When I got back to work, everyone asked, how was it? how are you? They had to ask, because they're nice, but they're young, most of them. Ex-husbands (ex-fathers) they knew about. Death? Well, no. Made them nervous, and why not? I make them nervous already. They're afraid that I might reminisce, remember, might make them feel the still-warm, still-moist breath of the recent past, their scary precursor, on their pretty necks. Might make them suspect that their own dear present will end, one day, too.
I'm so sorry, the young people told me nicely. Sorry for your loss, one said. It's what they say on tv; fake cops, fake doctors. The doctors in Florida didn't say that, but that's because they didn't get the chance. They weren't around when it happened, just me and then the funeral home people. The funeral home people were sorry for my loss, too, but probably glad for the business. Then again, Florida, a good locale for funeral home people.
Good locale for my ex-husband, too. Gentle weather, plenty of people who wanted to tell their stories. He liked hearing stories. Liked telling stories, too, and for a long time I liked to listen. So did the kids, but we all got tired of it.
We loved each other and we tried. You can ask for something more, but you might not get it.
When I got back to work, the computers were down, so we all went out. Failure, now, that's a holiday. We had coffee, or coffee substitute. Not Sanka, like my mother, chai latte, but you get the picture.
I heard that we're going to be downsized, a young person told me. Ha ha, I said, my grandma got smaller but women don't do that anymore.
No one laughed. Most of them didn't get it, and the ones that did, didn't think it was funny. Or else they think I am.
The young person was correct. There's going to be a golden handshake, or a gilt one, anyhow; silver, brass, whatever. It's time for me to go and let the young ones take over. Stop confusing them. And for the sake of the payroll, of course.
It's ok, though. ("Ok" means: "inevitable.") I have a nice apartment, nice cat, nice-enough money coming in, if I'm careful, and I'm always careful, now.
My children are careful too; maybe that's what goes on my tombstone. She raised careful children. Written in stone. Bad or good?
There are books I've meant to read, restaurants I've meant to try, free afternoon lectures at the museums. My apartment is in walking distance of lots of things, because I thought ahead. Movies, but you don't leave the house for those anymore. Bookstores, ditto. Groceries? doctors? So far, so good.

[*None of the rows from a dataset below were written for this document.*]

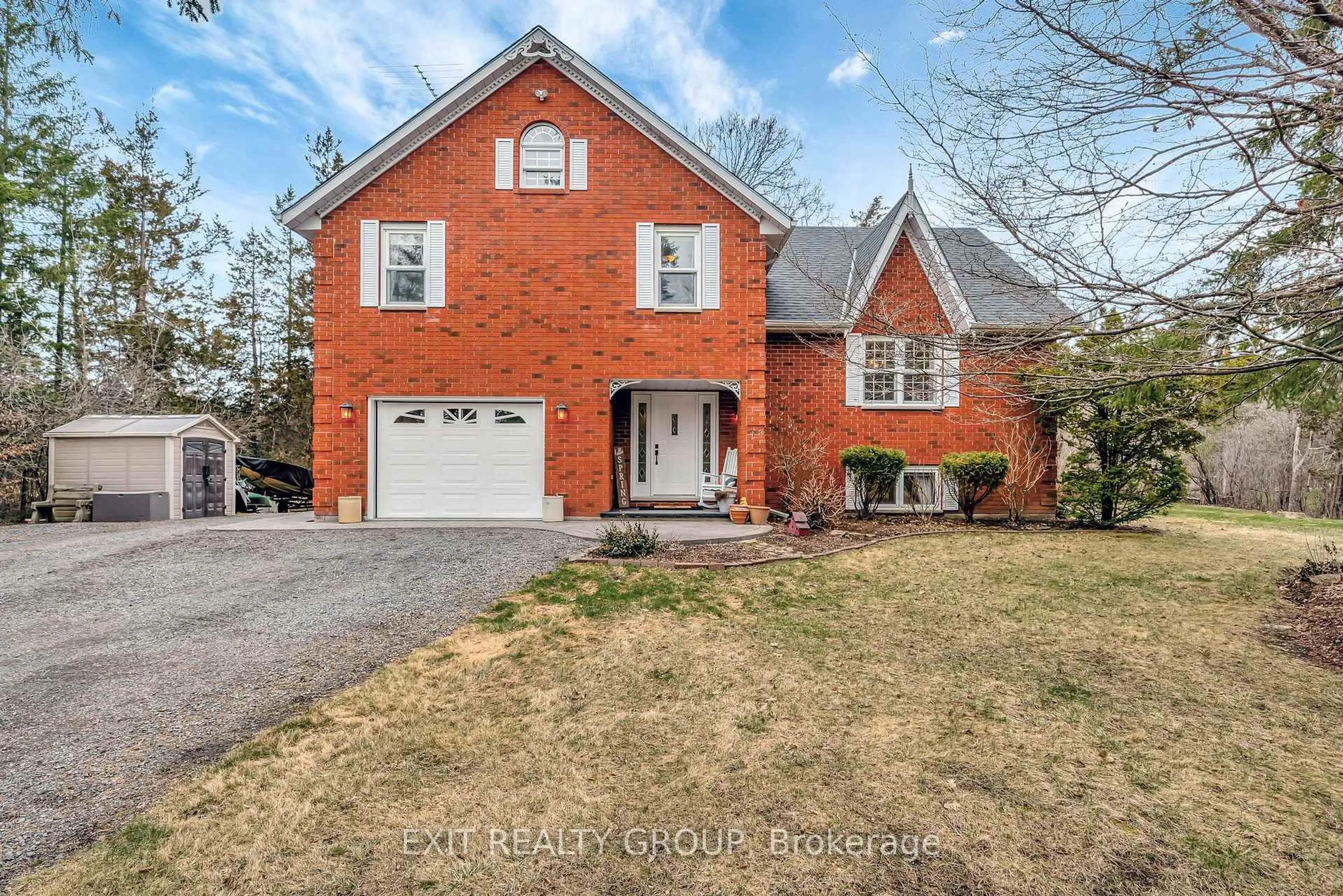 Home with brick exterior material, street for 1925 Melrose Rd, Shannonville Ontario K0K 2N0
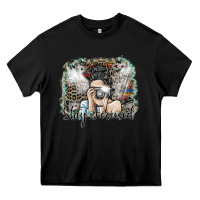 Black stay focused Heavy Core Tee - SublimationCraftShop
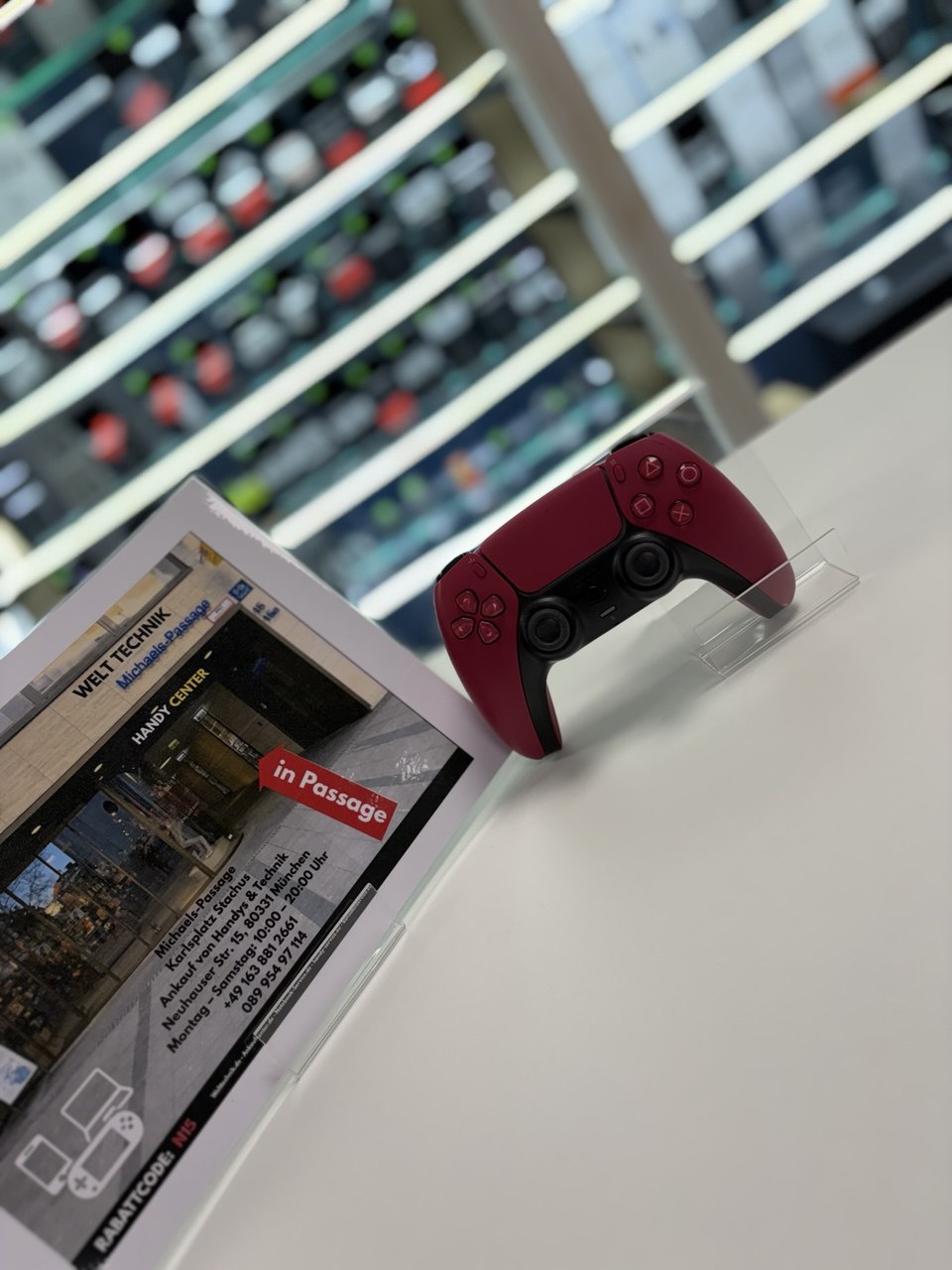 PlayStation 5 Controller DualSense Cosmic Red Hauptbild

You can think ahead, and you can see ahead, a little, but, turns out, you can't see far enough ahead to get a good enough look at the things that are going to matter.
I'll go to yoga, improve my balance so I don't fall and get old before I'm really old. Don't want to be a burden. I'll think of a way to tell my children, when it gets to the point where I don't know where I am, don't spend all your money keeping me there.

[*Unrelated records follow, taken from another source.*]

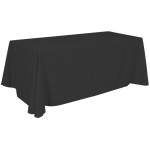 Logo Branded 6' Silk Screen Printed Tablecloth Throw Style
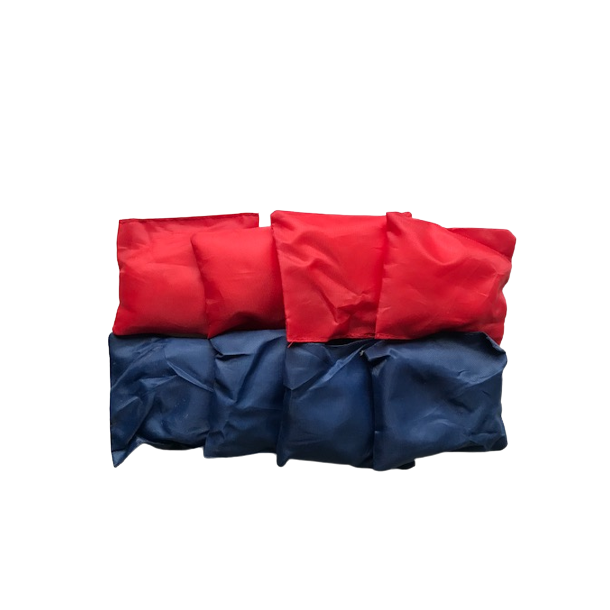 Bean Bags - Extra rteposer til Cornhole Original - 4 rde og 4 bl poser - HURTIG LEVERING!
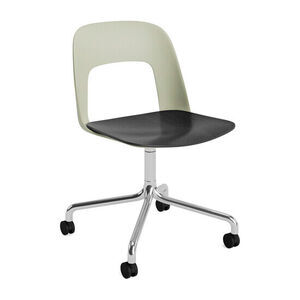 Hay - Layout Chair 162 Poleret aluminium 4-stjernet drejelig bue Hjulbase - Pastelgrøn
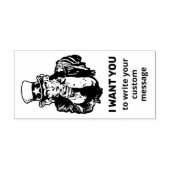 Uncle Sam Zelfinking Stempel (Design)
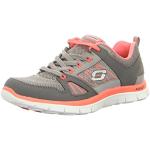 Skechers Flex Appeal Spring Fever Trainers Womens Gray Grau (CCHP) Size: (35 EU)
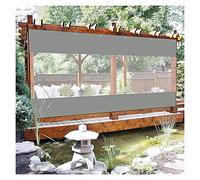 WZYJLyds a pergola Trasparente PVC Telo da terrazzo Protezione dal Freddo Telo con Occhielli 650g/㎡ for Esterno, Giardino, Fattoria(3.5x2.5m/11.5x8.2ft)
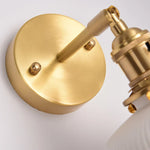 Afralia™ White Ceramic LED Wall Lights for Home Lighting in Bedroom, Living Room, Bathroom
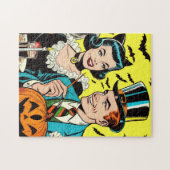 Retro Halloween strips Legpuzzel (Horizontaal)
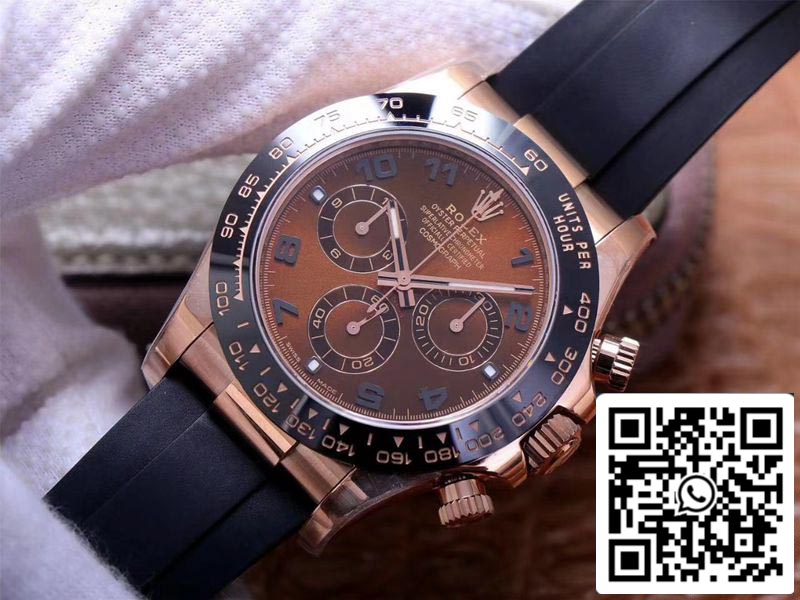 Rolex Daytona M116515LN-0015 1:1 Best Edition Noob Factory Brown Dial Swiss ETA4130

They'll say, Mom, it will be ok.
I'll learn a new language, or say that I will. I'll paint the living room, clean the closets, write that letter to the kids: the jewelry isn't valuable, the furniture isn't valuable, but that one chair is, by our standards, even though we didn't know that when we found it on the sidewalk. That crocheted bedspread, stored in that old duffel bag, my grandmother made that. Feel free to give it to charity, throw it out. Despite everything, I never could.

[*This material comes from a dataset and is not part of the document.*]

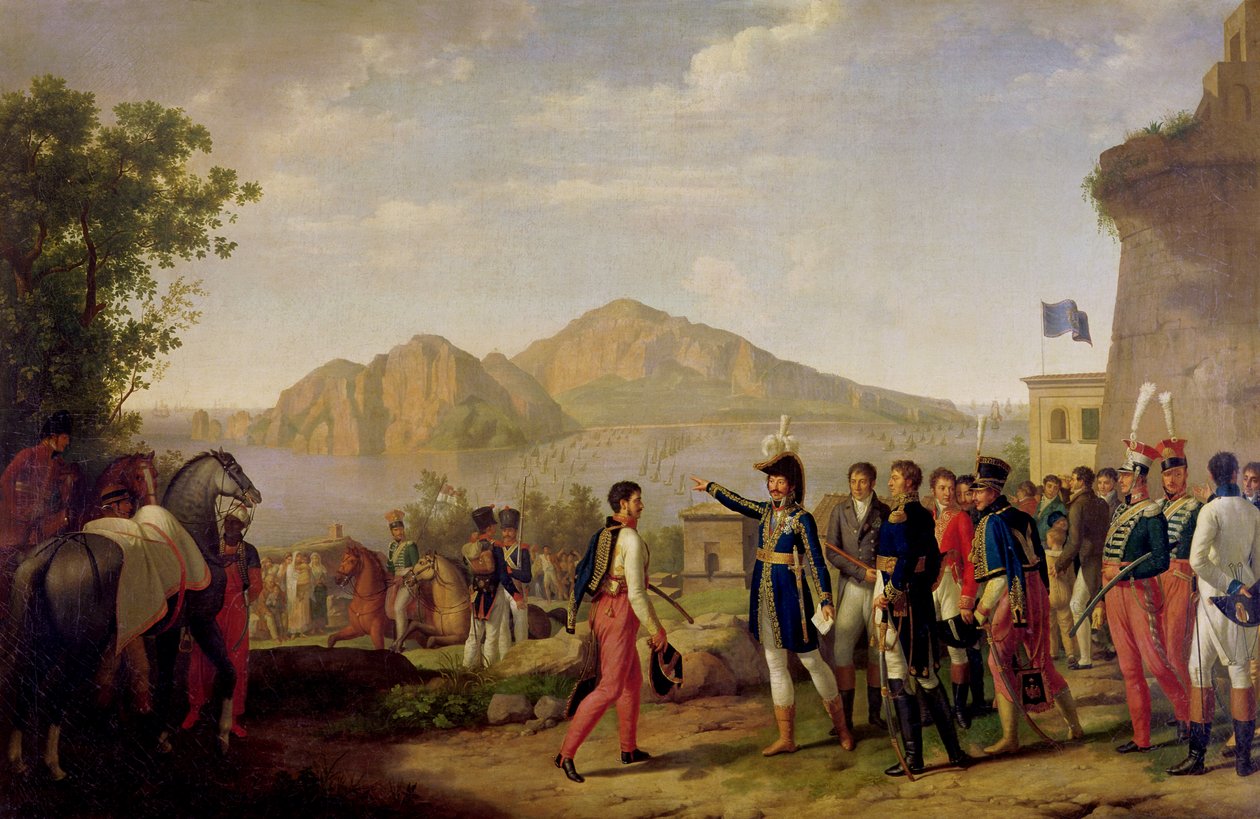 يواكيم مورات (1767-1815) مارشال فرنسا وملك نابولي يأمرون بالقبض على كابري عام 1808 بواسطة يوهان هاينريش شميدت
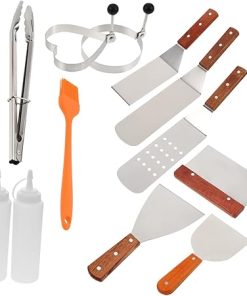 Quality BBQ Tool Kit 12 Pcs Grilling Utensils Stainless Steel BBQ Grill Accessories Easy to Use Perfect Present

The little blue glass vase is from a thrift store. No monetary value at all. I'll tell them that, but not why it's precious, what it does. It's this: a rose climbs over my neighbor's fence. It has pink flowers no bigger than your thumbnail, very fragrant, and the neighbor says ok. I put a little pink rose in that little vase, on the shelf over the sink in the kitchen. Eye-level, nose-level, when I wash my coffee mug, breakfast bowl, dinner plate. Pale blue glass, dark green leaves, pink petal and that sweet smell – it's the best thing in the world, but how will they know that? How do you put that in a letter, attached to your will, that described the value of your things?
That's a picture of the four of us, looking happy. Check inside the frame, I've already made copies
Don't live in the past, my son says. Darling, I say, I don't live in the past, but I have to tell you, because this is the way it goes: it lives in me.